The Spark replacement

Traditional data pipelines need Spark, YARN, and a cluster. QueryMode replaces all of that with TypeScript orchestration over Durable Objects and R2.

Each stage executes a query, writes intermediate results to a table, and feeds them to the next stage. The intermediate tables live in R2 — the same storage backing everything else. No separate shuffle service, no HDFS, no job scheduler.

Three ways to chain stages

1. `Pipeline` class — auto-managed

import { Pipeline } from "querymode"

const result = await Pipeline.create(qm.table("events"))
  .stage(df => df
    .filter("type", "eq", "click")
    .groupBy("page")
    .aggregate("count", "*")
    .aggregate("avg", "duration"))
  .stage(df => df
    .filter("count_*", "gt", 100)
    .sort("avg_duration", "desc")
    .limit(50))
  .run()

Intermediate tables are auto-named (__pipe_{id}_stage_{n}) and auto-cleaned after run() completes — even if a stage fails.

2. `materializeAs()` — manual control

const clicksByPage = await qm.table("events")
  .filter("type", "eq", "click")
  .groupBy("page")
  .aggregate("count", "*")
  .materializeAs("clicks_by_page")

const topPages = await clicksByPage
  .filter("count_*", "gt", 100)
  .sort("count_*", "desc")
  .limit(50)
  .collect()

// Clean up when done
await qm.table("clicks_by_page").dropTable()

You name the intermediate tables. You control when they’re cleaned up. Use this when you need to branch — run multiple downstream queries against the same intermediate.

3. `pipe()` — operator injection (single stage)

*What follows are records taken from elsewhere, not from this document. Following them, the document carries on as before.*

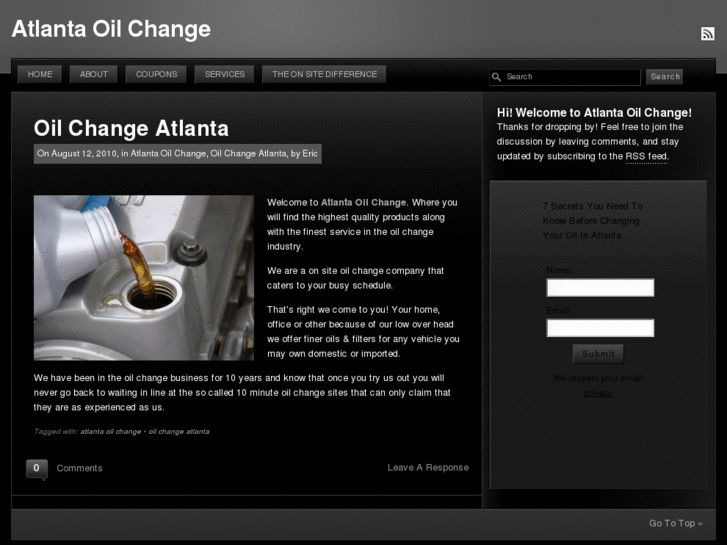 www.atlantaoilchange.com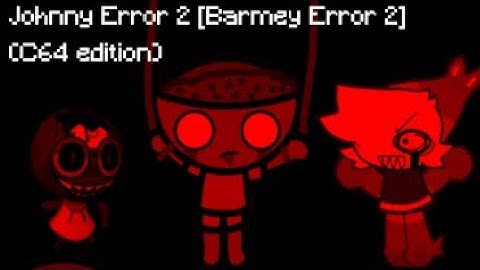 Johnny Error 2 [Barney error 2] (C64 edition)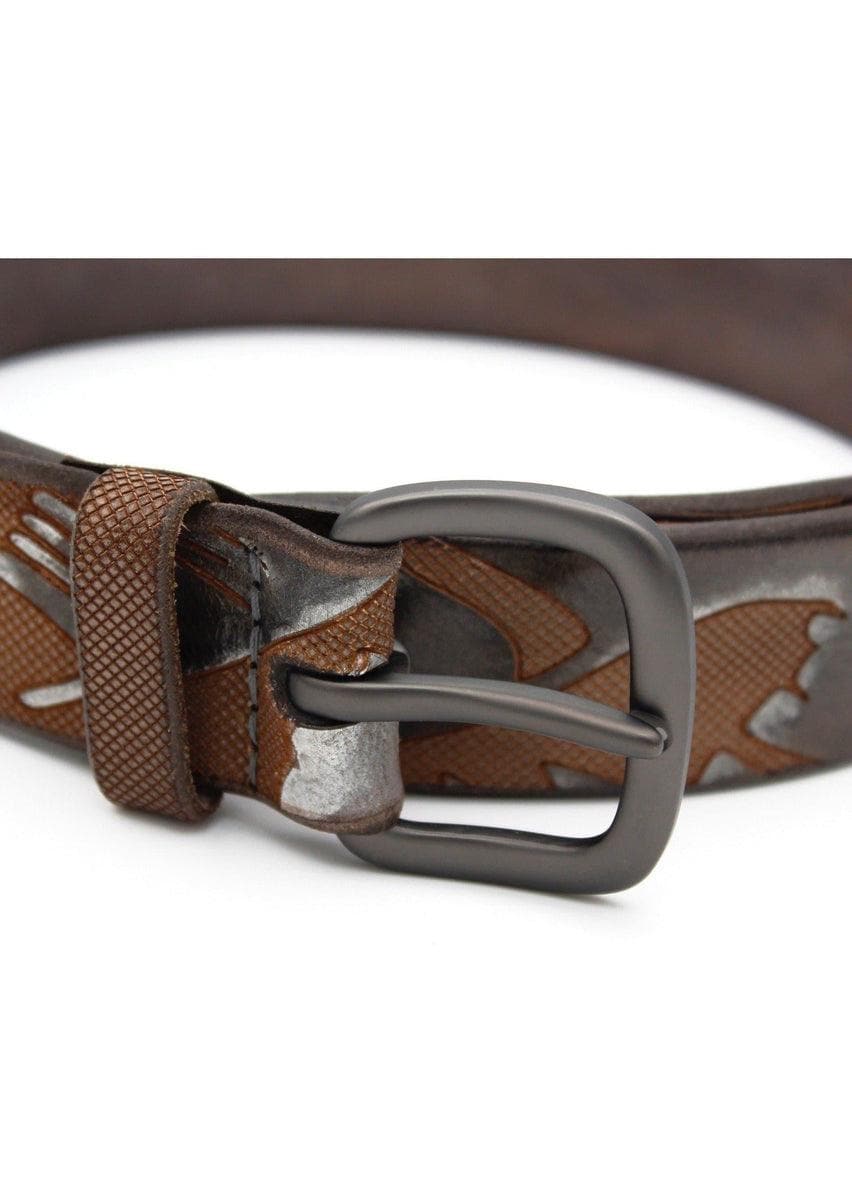 ORCIANI - Cintura stain in cuoio - Vittorio Citro Boutique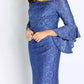 Cameron Blake - Laced Bodice Formal Mother of the Bride Gown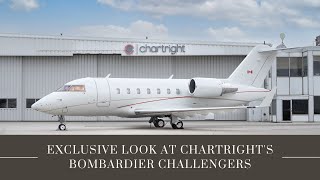 Chartrights Portfolio of Bombardier Challenger [upl. by Dnalyram]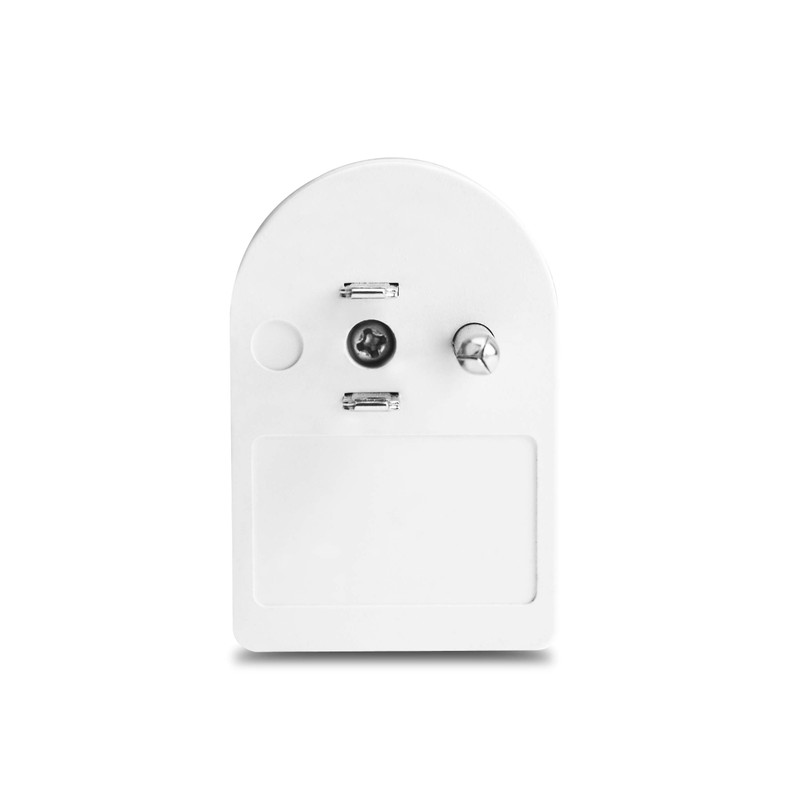 Single Surge Protector Plug, Grounded Outlet Wall Tap Adapter with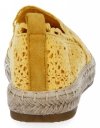 espadrile de damă Lady Glory galben LX207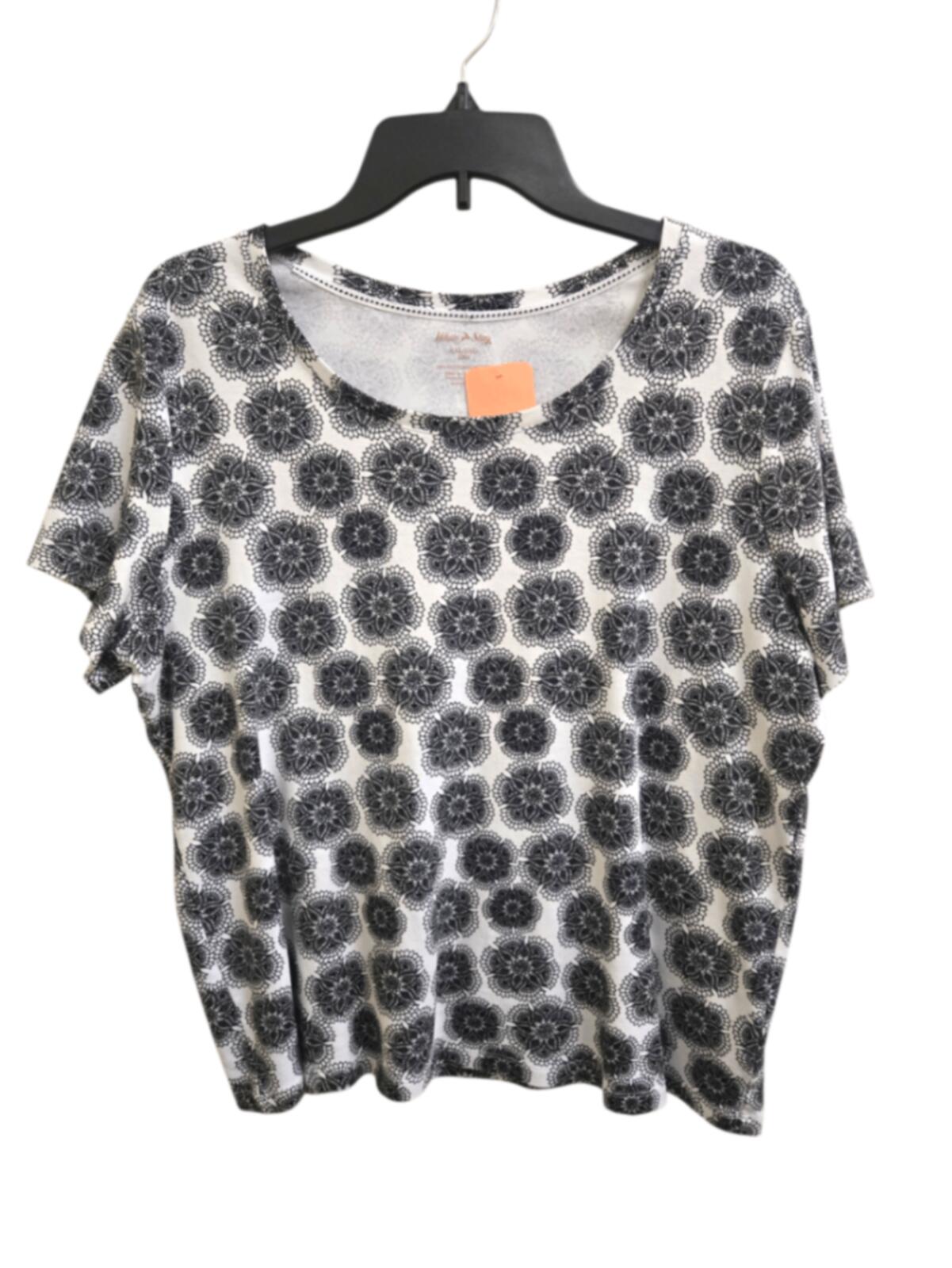 Excellent 2XL White Stag tee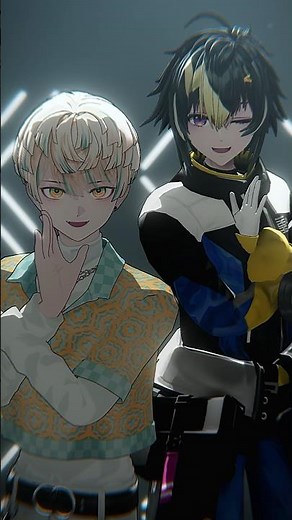 〖にじさんじMMD〗ファタール〖緋八マナ￤伊波ライ〗 #mmd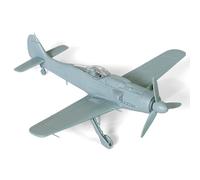 Forces Of Valor 1:72 German FW 190 D-9 Sorau February 1945 - Standing Model, Model Building, Diorama Model, Military Model Building, Plastic Kit, Medium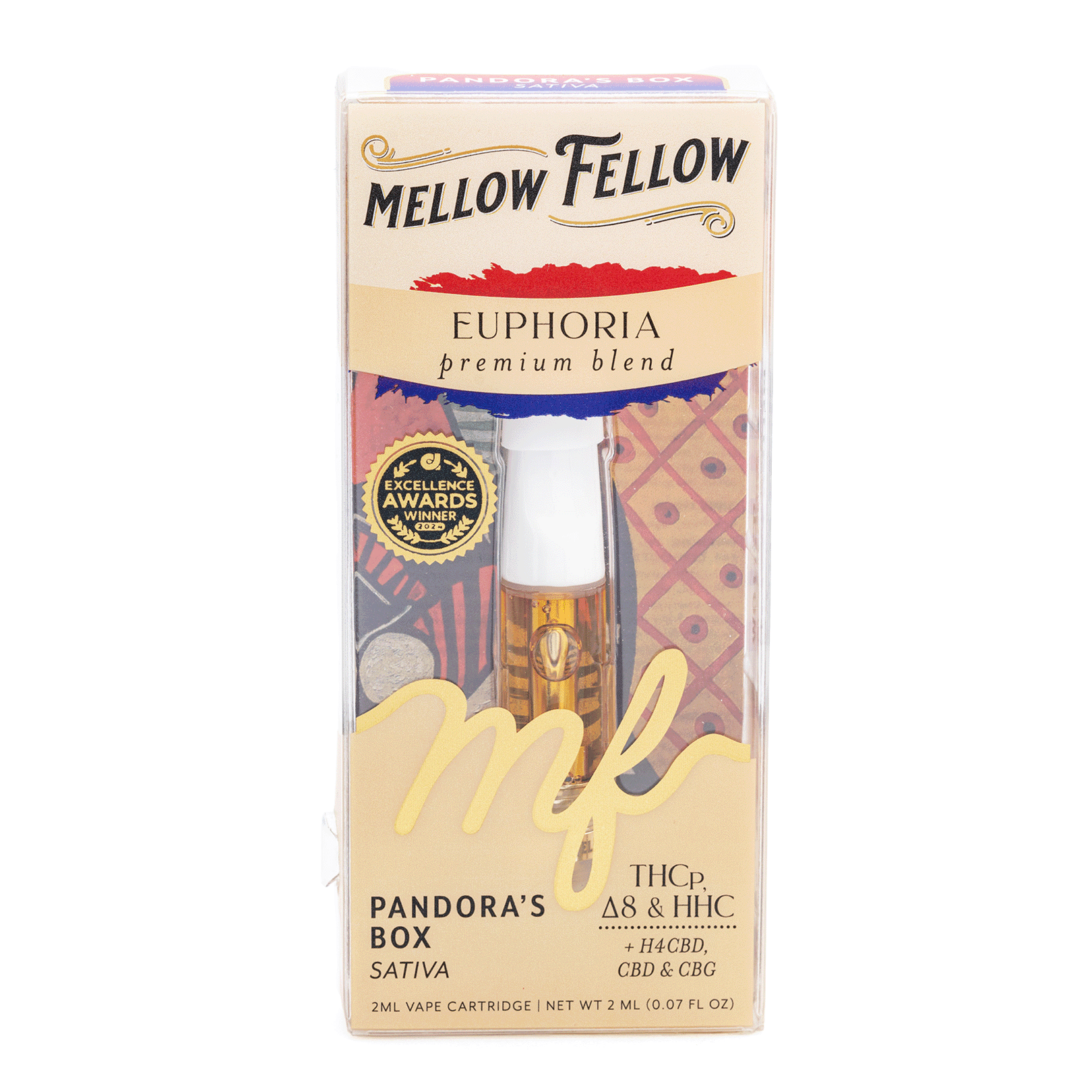 mellow fellow picassos euphoria blend vape cartridge pandoras box box front.webp mellow fellow picassos euphoria blend vape cartridge pandoras box box front.webp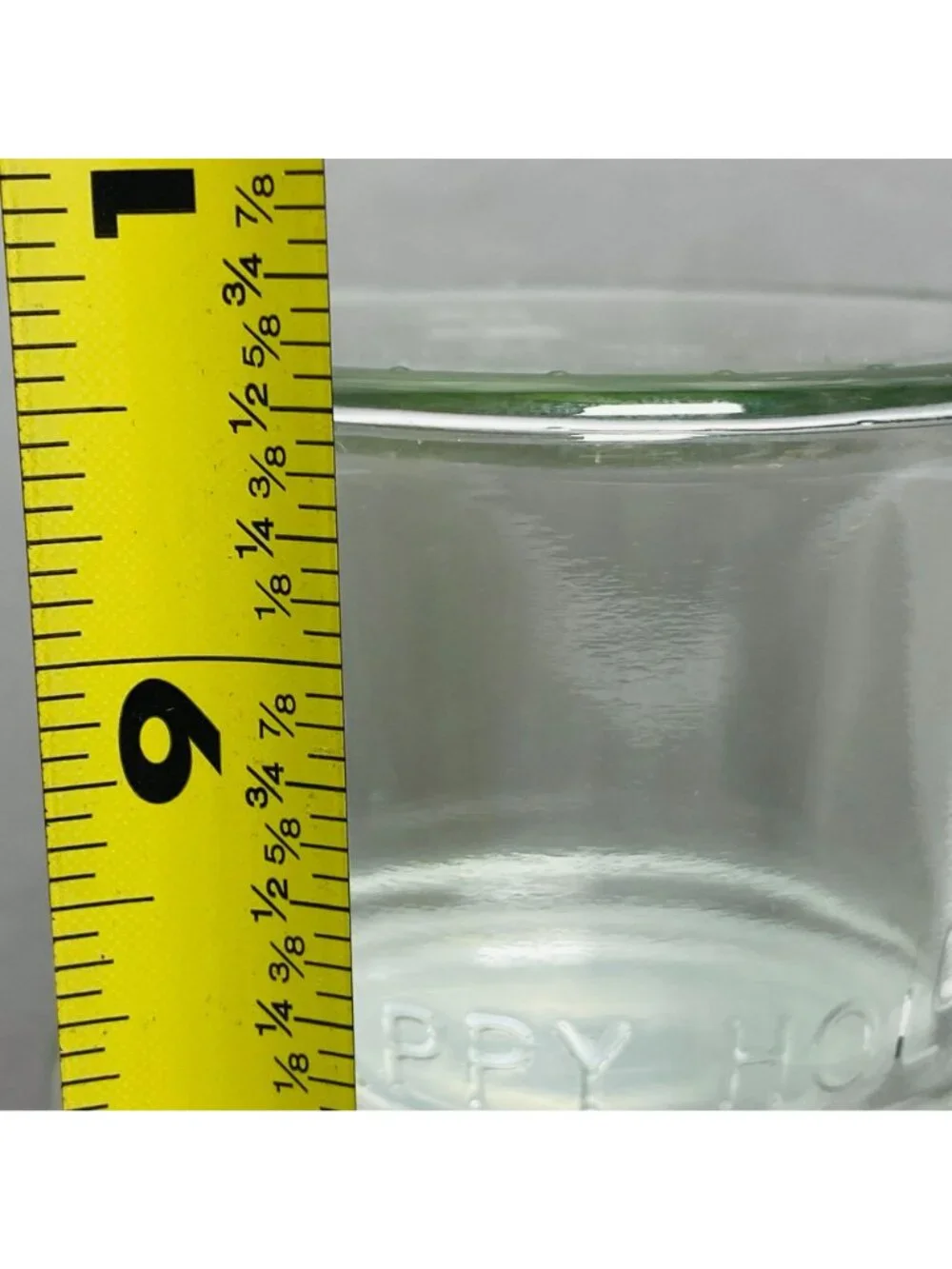 Planters clear glass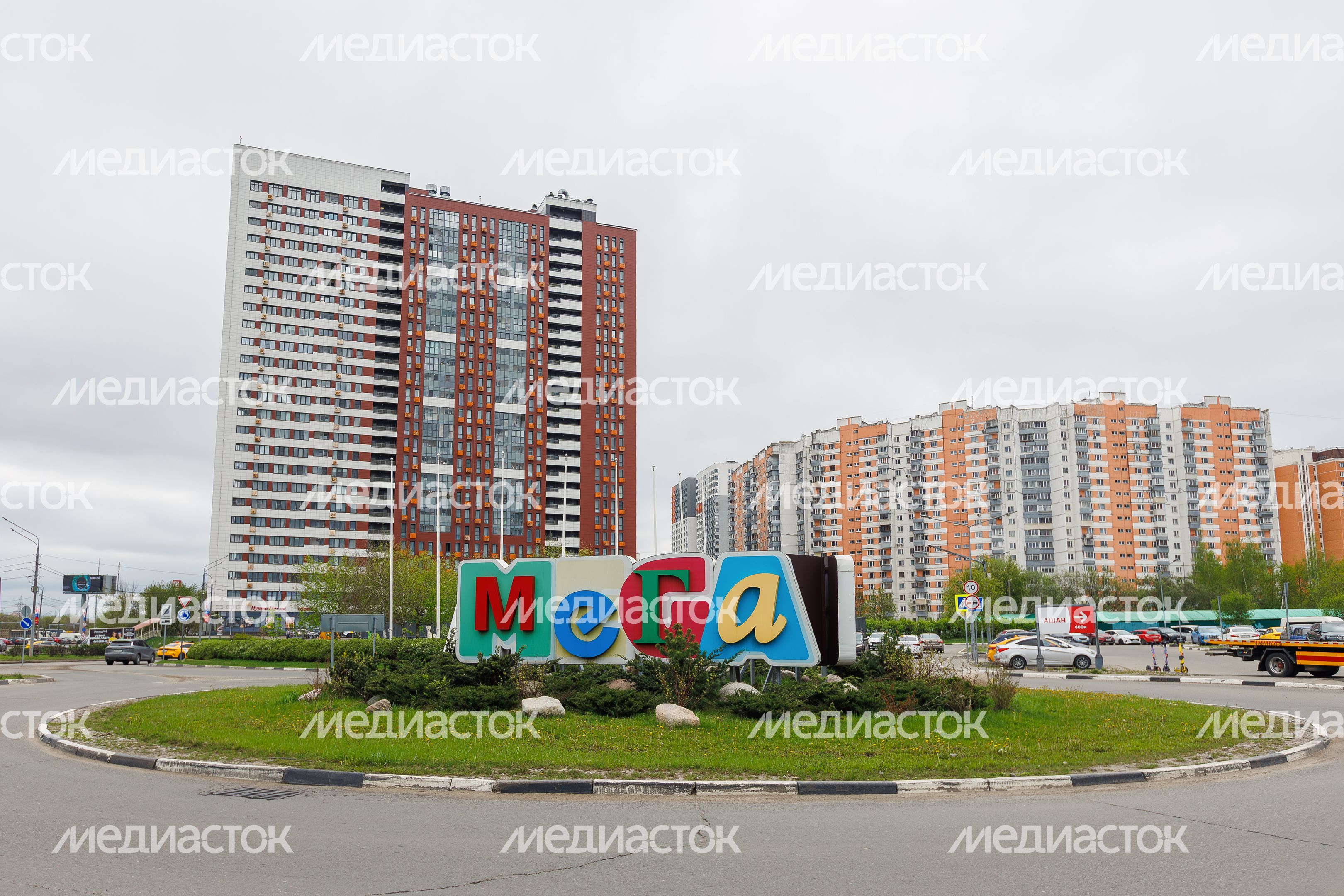 Весенние виды города Химки Весенние виды города Химки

const result = await qm.table("events")
  .filter("created_at", "gte", startDate)
  .pipe(upstream => new ComputedColumnOperator(upstream, [
    { alias: "risk_score", fn: row => riskModel.predict(row) },
  ]))
  .sort("risk_score", "desc")
  .limit(50)
  .collect()

No intermediate table — the custom operator runs inline within a single query’s pipeline. Use this for per-row transforms like ML scoring, enrichment, or custom filtering.

Branching DAGs

materializeAs() supports branching — materialize once, query multiple ways:

// Shared intermediate
const dailyAgg = await qm.table("events")
  .filter("date", "eq", "2026-03-11")
  .groupBy("page", "country")
  .aggregate("count", "*")
  .materializeAs("daily_agg")

// Branch 1: top countries
const topCountries = await dailyAgg
  .groupBy("country")
  .aggregate("sum", "count_*")
  .sort("sum_count_*", "desc")
  .collect()

// Branch 2: anomalies
const anomalies = await dailyAgg
  .filter("count_*", "gt", 10000)
  .collect()

// Cleanup
await qm.table("daily_agg").dropTable()

Lineage tracking

Pass metadata through materializeAs() for pipeline observability:

const stage1 = await qm.table("events")
  .filter("type", "eq", "click")
  .materializeAs("clicks", {
    metadata: {
      pipeline: "daily-etl",
      stage: "filter-clicks",
      source: "events",
      ttl: "24h",
    },
  })

Metadata is attached to the write operation and visible to any catalog layer reading the table’s manifest.

How it scales

Each stage runs through the full QueryMode execution path:

Fragment pruning — partition catalog + min/max stats skip irrelevant data
Fan-out — Fragment DOs scan in parallel
Hierarchical reduction — tree merge keeps memory bounded at any scale
Write — results written to R2 as Lance fragments
Next stage — reads the intermediate table like any other table

The intermediate tables are real tables — they benefit from the same pruning, caching, and parallel scan as source data.

Comparison

	Spark	QueryMode Pipeline
Scheduler	YARN / Mesos / K8s	TypeScript
Shuffle storage	HDFS / local disk	R2
Compute	JVM executors	Durable Objects (WASM)
Cluster management	Yes	No (serverless)
Config	spark-defaults.conf, 100+ knobs	Zero config
Latency	Seconds to minutes (job startup)	Milliseconds (DO wake)
Cost at rest	Cluster always running	Zero (DOs hibernate)